Ça n’avance pas. Malgré les 350 services publics, mis en ligne, au cours des 20 dernières années, le plan digital national est toujours en stand-by.

Destiné à faciliter le quotidien des entreprises et des citoyens dans leur rapport à l’administration, le projet de digitalisation public n’aboutit toujours pas à ce basculement global vers la SMART administration. Aux guichets de la Poste tunisienne, il y a toujours des files interminables. Moins de 30% des communiqués de ministères sont en ligne et sur ces 30% certains appellent une mise à jour.

Sollicitant ses panélistes, qu’est-ce qui bloque l’e-gov en Tunisie, s’interrogera Imed Elabed*, modérateur du mardi de l’Atuge de ce 4 octobre.
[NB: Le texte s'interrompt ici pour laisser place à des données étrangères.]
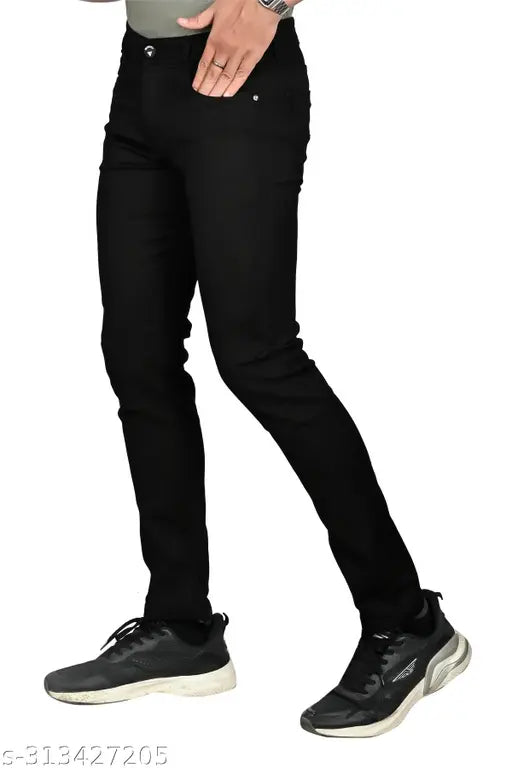 Black denim JovsHil men's jeans, size 28 (waist 28in, length 39in, hip 34in), made in India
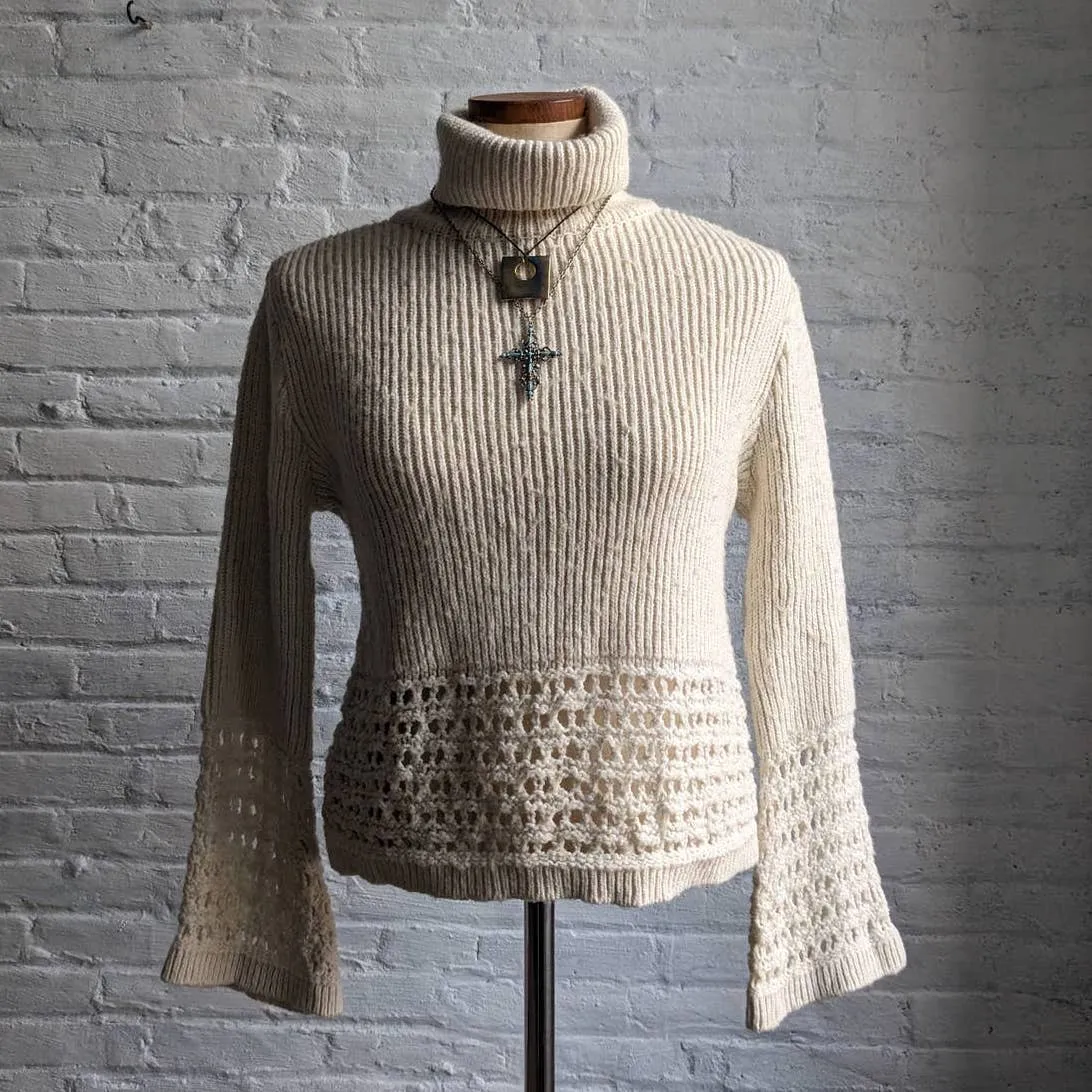 Anthropologie Fairycore Wool Knit Sweater Coquette Romantic Grunge Crochet Top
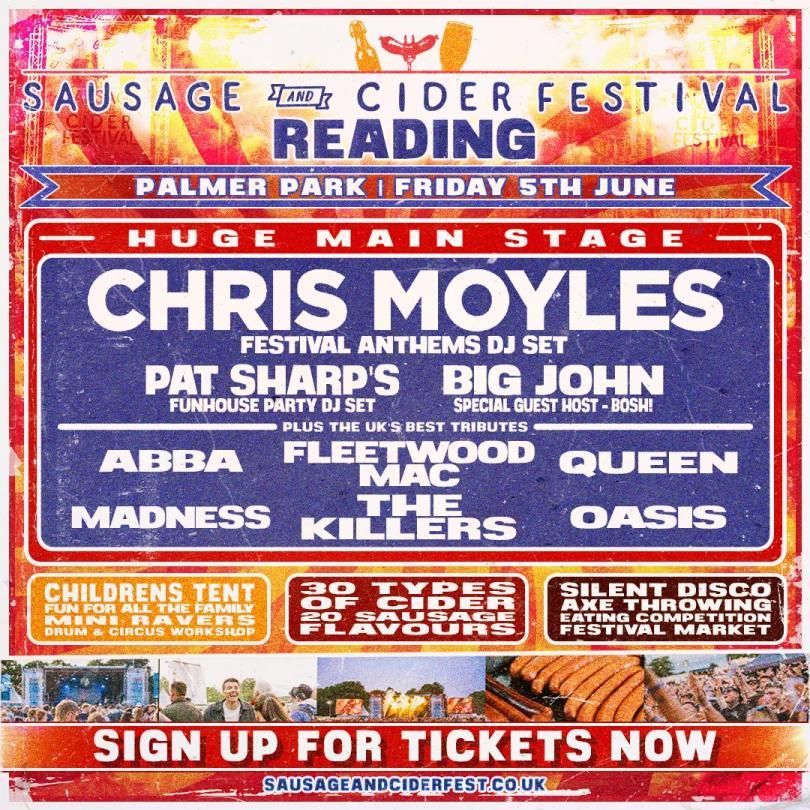 Poster for Reading Sausage & Cider Festival 2026 with information about the event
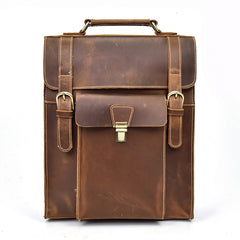 Cool Leather Mens Briefcase Handbag Backpack Satchel Backpack Travel Backpack for Men - iwalletsmen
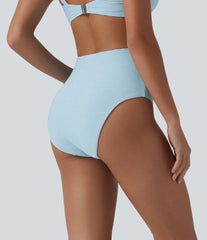 High Waisted Tummy Control Stripes Sparkle Bikini Bottoms Swimsuit
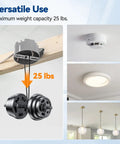 20 Cu Inch Round New Work Ceiling Electrical Box PVC UL Listed Built Tough No Drama Install Impact Resistant Non Conductive Round Junction Box For New Construction Installations Pack Of 6 shown supporting weight and ceiling installations.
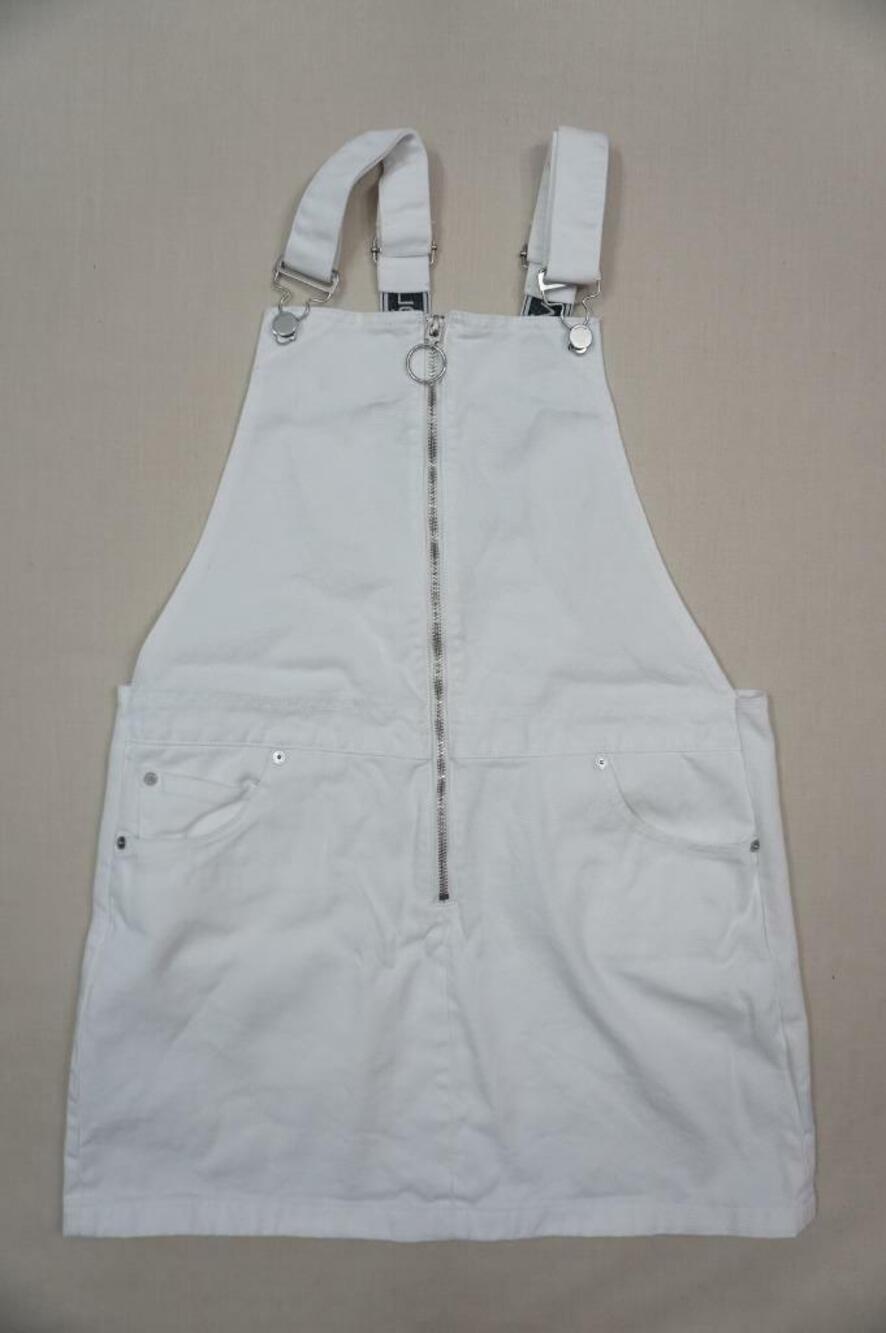 VOLCOM STONE USED/SMELL SZ M 12 OVERALLS/BIB WHITE DENIM SHORT DRESS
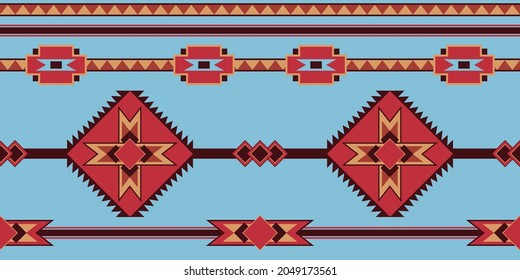 Santa Fe blanket abstract design in repeat seamless pattern - Vector Illustration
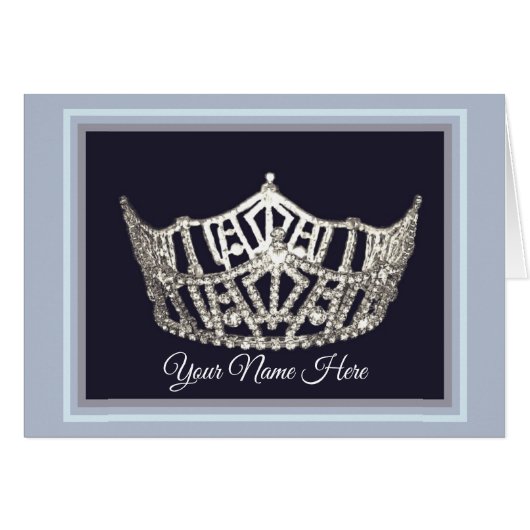 Miss America Style Crown Custom Note Card (Vorderseite (Horizontal))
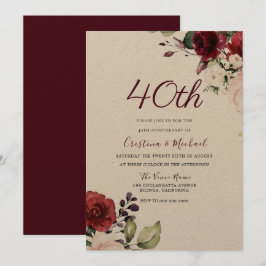 Invitación Burgundy Ruby Red Floral 40º aniversario Boda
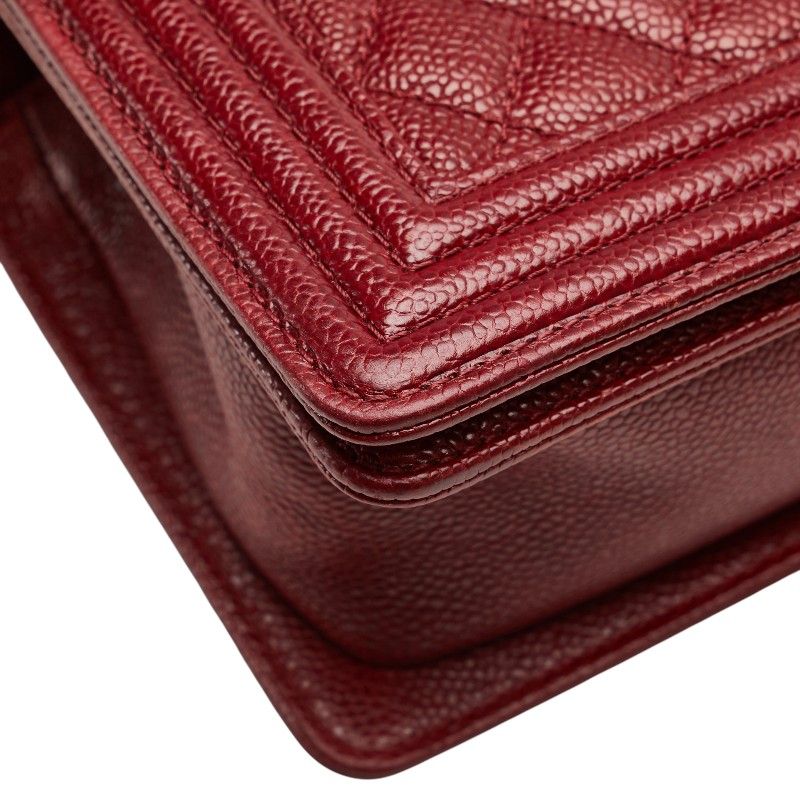 Chanel Coco Marc Boy Chanel 25 Crossbody Chain Shoulder Bag Red Caviar Skin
Faute de PMO, la machine à délivrer s’est grippée

Habib Debbabi, secrétaire d’Etat à l’Economie numérique, de retour aux affaires, après un premier passage en qualité de conseiller au Premier ministère en 2011, est versé dans ce sujet. Il attribue cette contrariété à un déficit de gouvernance. Une mauvaise tradition, dans l’administration tunisienne, fait que chaque nouveau ministre commence, d’abord, par élaguer ce qu’a fait son prédécesseur. Au bout du compte, le pays s’est retrouvé avec cinq études et autant de visions stratégiques et de feuilles de route.

Enfin en 2012, la raison a prévalu et on a sorti une synthèse de toute cette matière accumulée pour aboutir à la stratégie 20/20.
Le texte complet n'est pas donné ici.